Would you print out all of the data exactly and keep the pictures out of it?

● GIVEN INFORMATION:
====

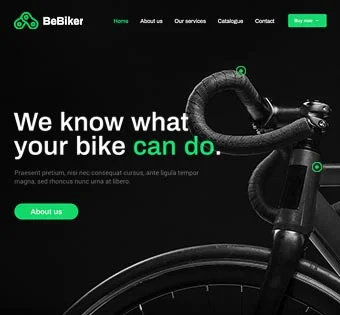 Biker 3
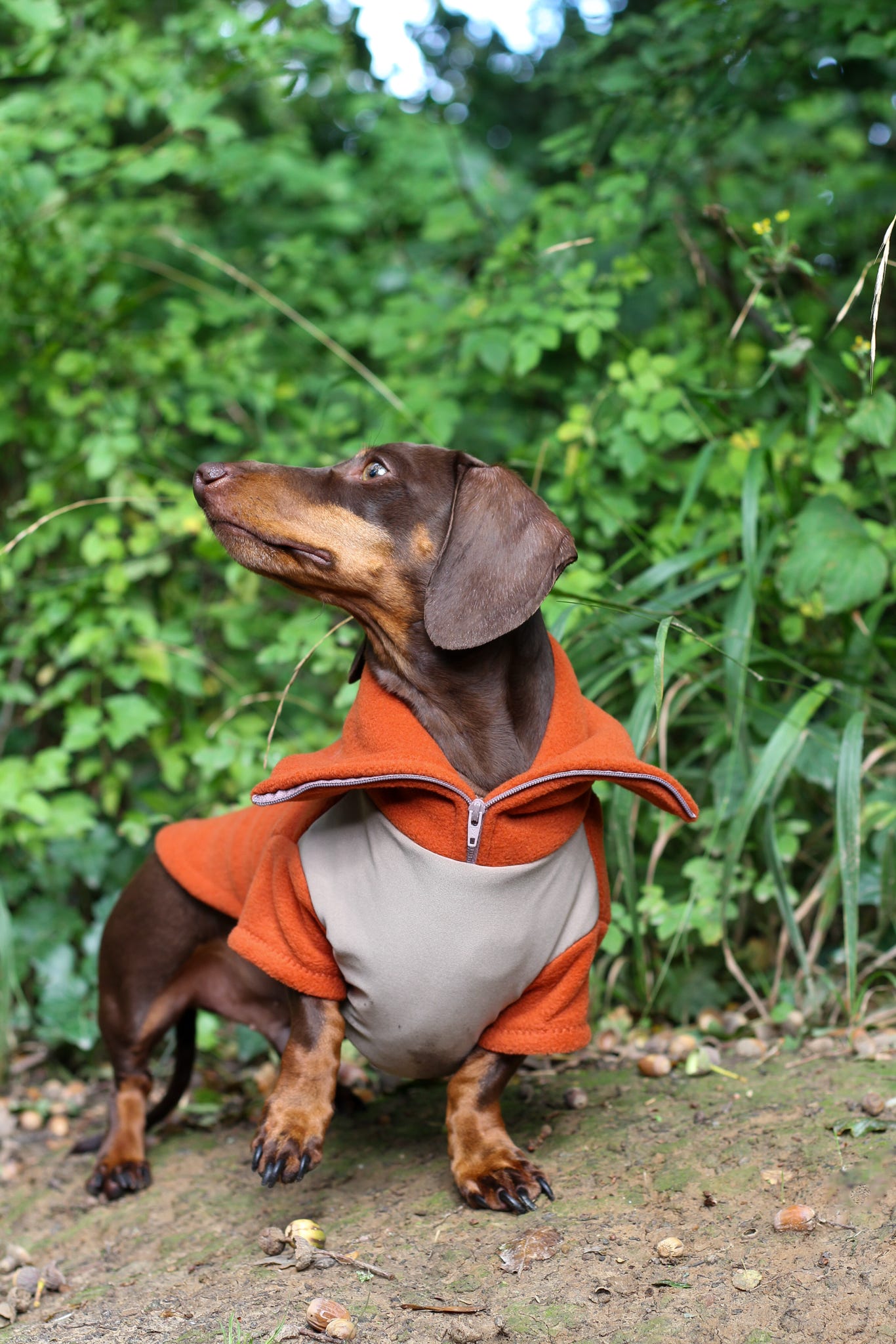 Rust Quarter Zip Fleece Jumper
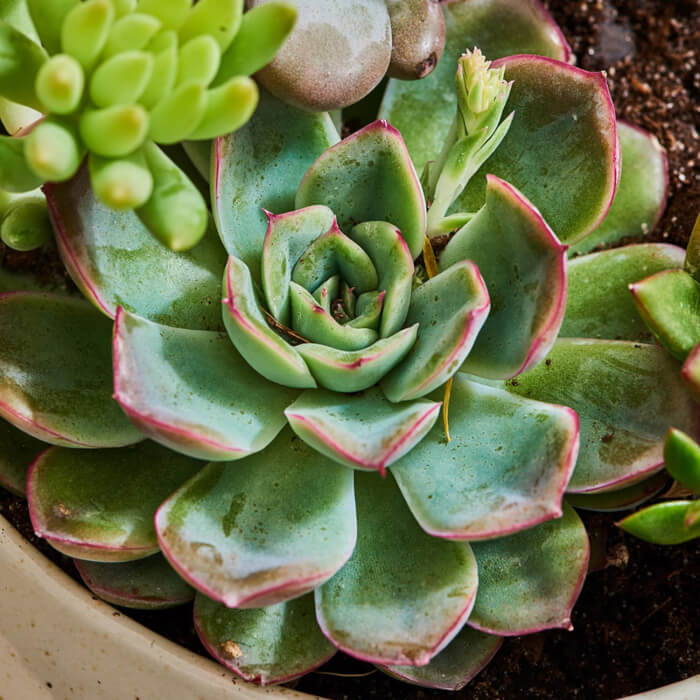 Top 14 succulents for good feng shui - 109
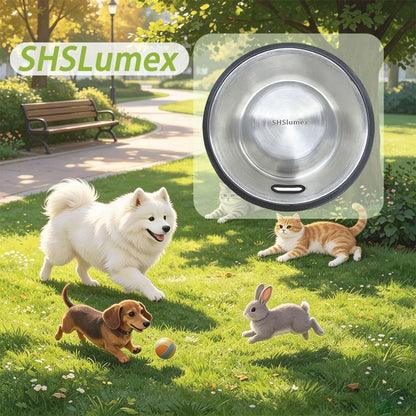 Shslumex 2Packs Stainless Steel Cat Bowl with Anti-Skid Rubber Base, Stainless Steel Dog Bowls for Small/Medium/Large Pet, Perfect Dish and Water Choice for Puppy Cat Kitten6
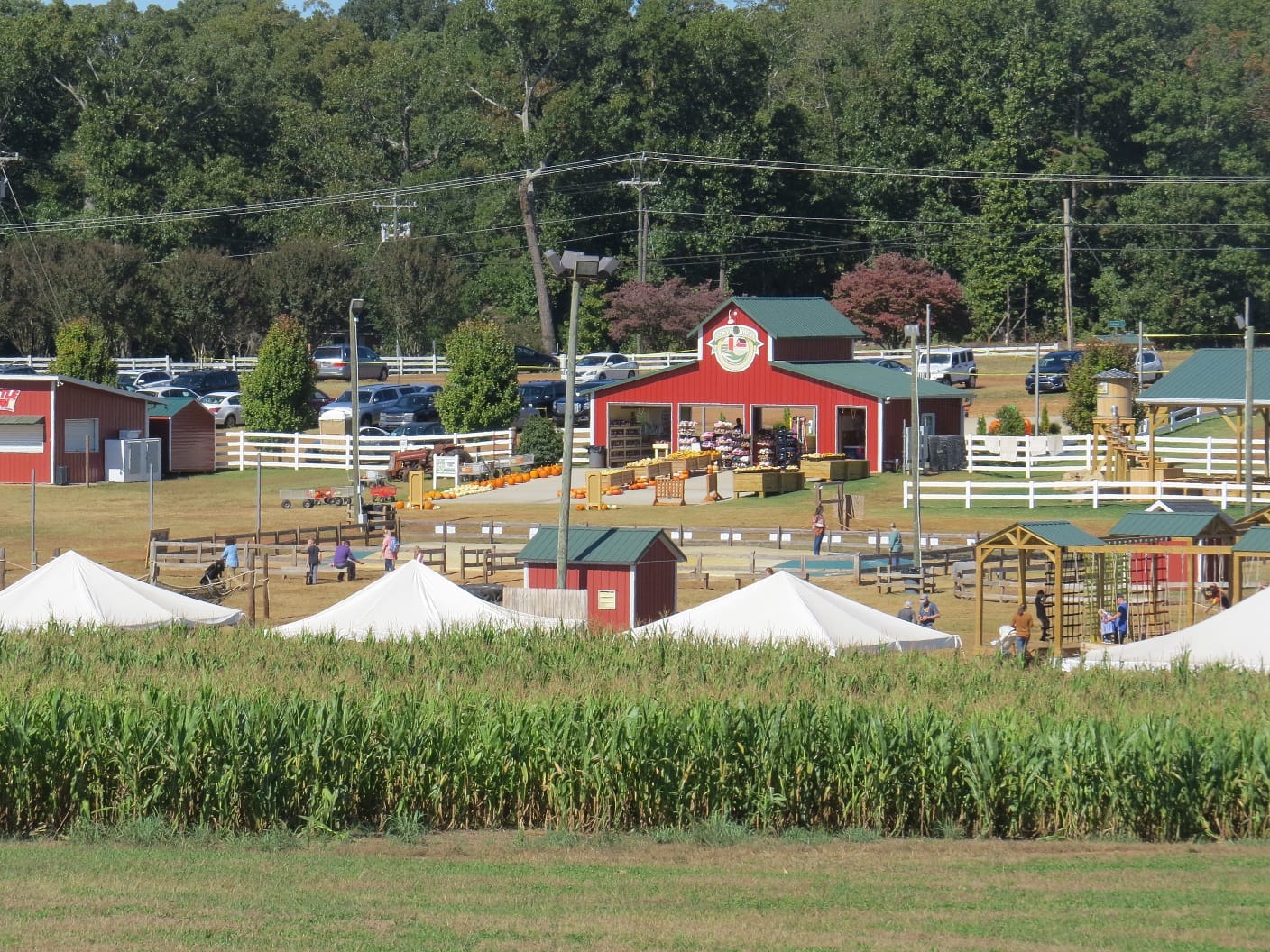 Denver Downs Farm Fall Festival & Corn Maze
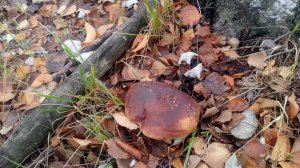 Взял сына в лес!! Накосили грибов!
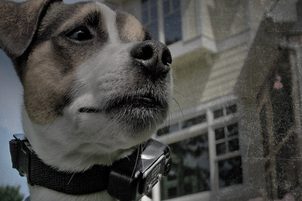 Elektronický obojek: Jak cvičit psa s elektronickým výcvikovým obojkem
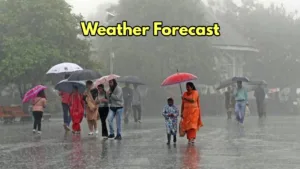 weather forecast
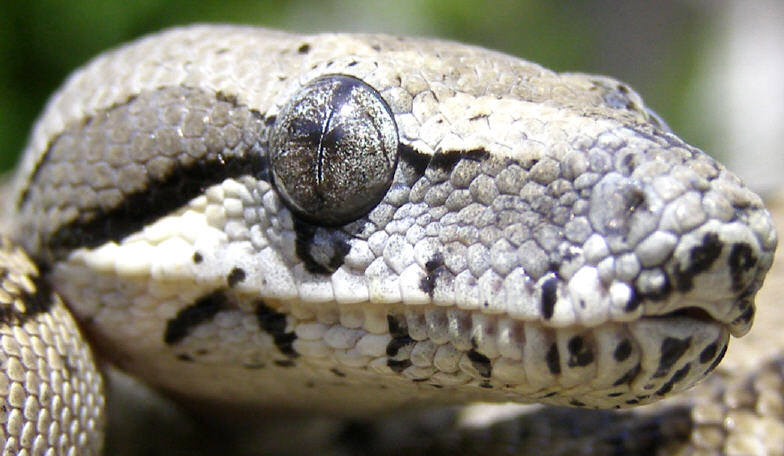 Anery Longicauda Female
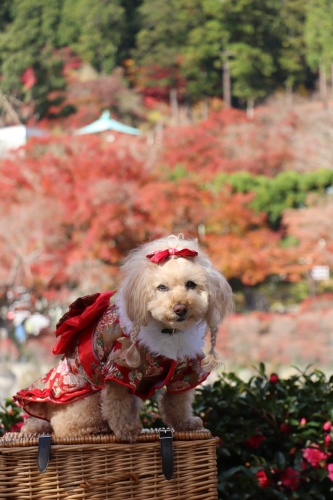 勝尾寺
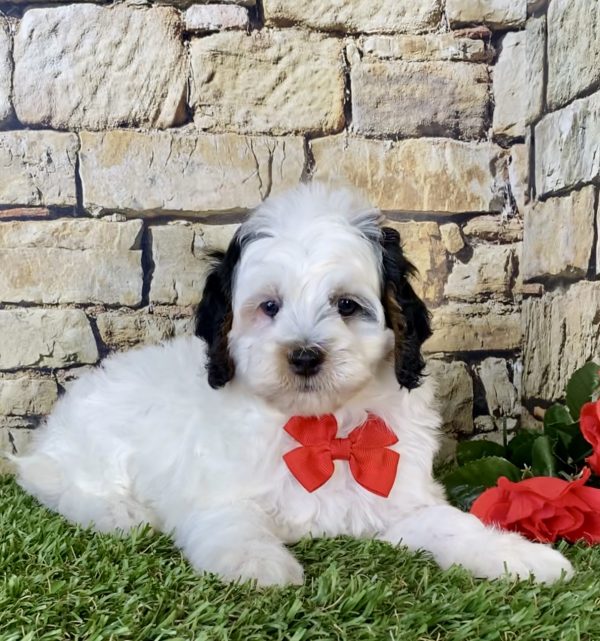Mr. Dave the F1B Micro Mini-Bernedoodle - Image 2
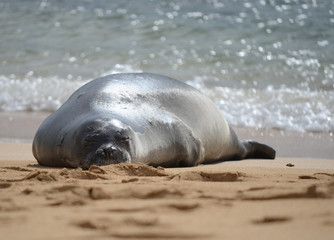 Sunbathing Seal Hawaii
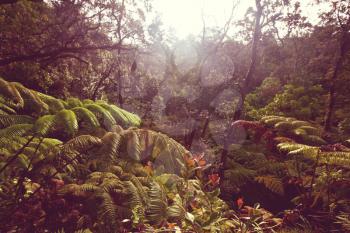 Jungle in Hawaii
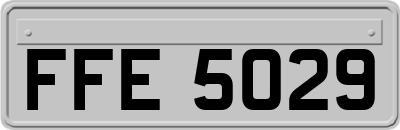 FFE5029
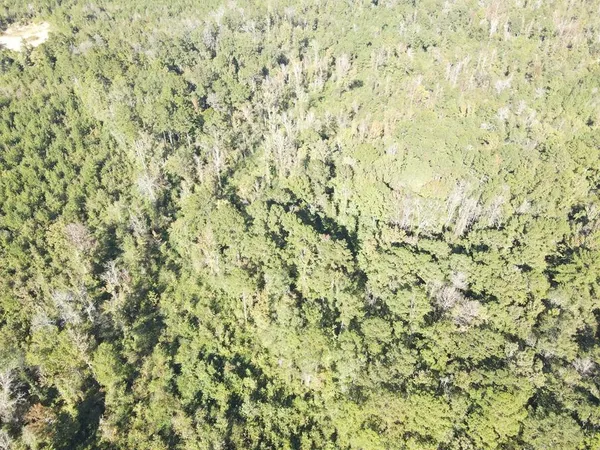 $199,000 | 7055 King Road, Wesson, MS 39191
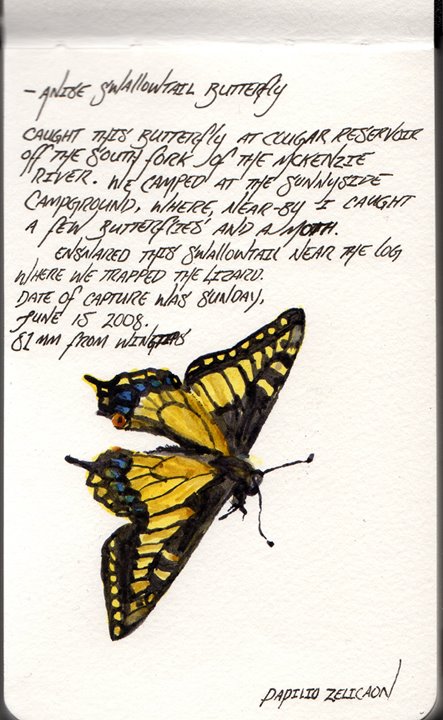 [Anise+Swallowtail+Butterfly+6-16-2007046.jpg]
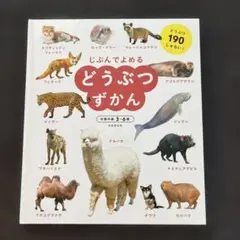 みい✿プロフ必読願います(。ᵕᴗᵕ。)様 リクエスト 2点 まとめ商品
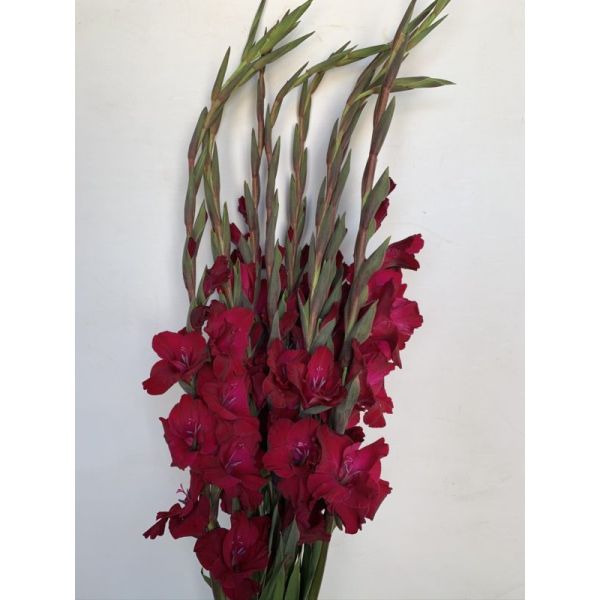Gladioulus— burgundy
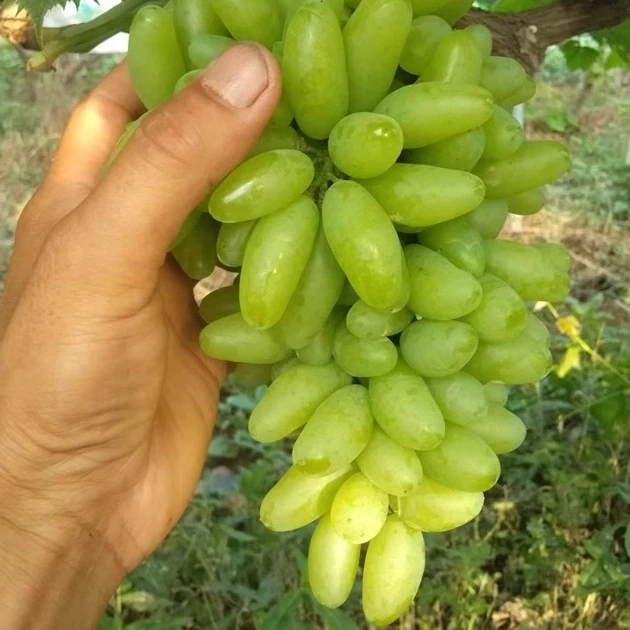 金手指葡萄树苖无籽脆甜手指葡萄苗北南方种植当年结果果树苗
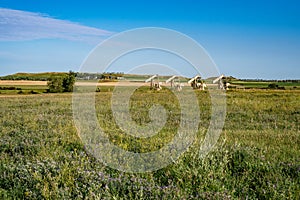 Oil Wells in the Prairies of North Dakota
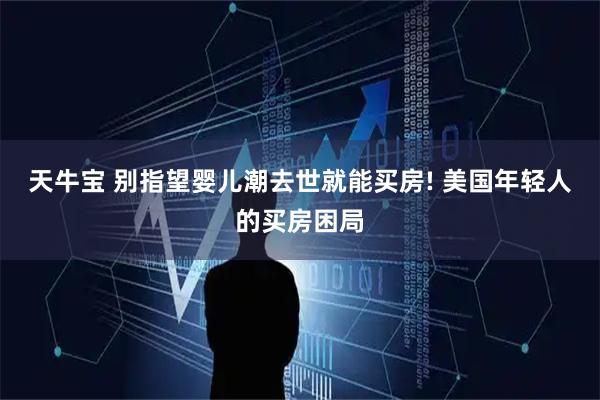 天牛宝 别指望婴儿潮去世就能买房! 美国年轻人的买房困局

====

● REPLY TO THE EXERCISE:
 Biker 3
 Rust Quarter Zip Fleece Jumper
 Top 14 succulents for good feng shui - 109
 Shslumex 2Packs Stainless Steel Cat Bowl with Anti-Skid Rubber Base, Stainless Steel Dog Bowls for Small/Medium/Large Pet, Perfect Dish and Water Choice for Puppy Cat Kitten6
 Denver Downs Farm Fall Festival & Corn Maze
 Взял сына в лес!! Накосили грибов!
 Elektronický obojek: Jak cvičit psa s elektronickým výcvikovým obojkem
 weather forecast
 Anery Longicauda Female
 勝尾寺
Mr. Dave the F1B Micro Mini-Bernedoodle - Image 2
 Sunbathing Seal Hawaii
 Jungle in Hawaii
 FFE5029
 $199,000 | 7055 King Road, Wesson, MS 39191
 [Anise+Swallowtail+Butterfly+6-16-2007046.jpg]
 みい✿プロフ必読願います(。ᵕᴗᵕ。)様 リクエスト 2点 まとめ商品
Gladioulus— burgundy
 金手指葡萄树苖无籽脆甜手指葡萄苗北南方种植当年结果果树苗
 Oil Wells in the Prairies of North Dakota
 天牛宝 别指望婴儿潮去世就能买房! 美国年轻人的买房困局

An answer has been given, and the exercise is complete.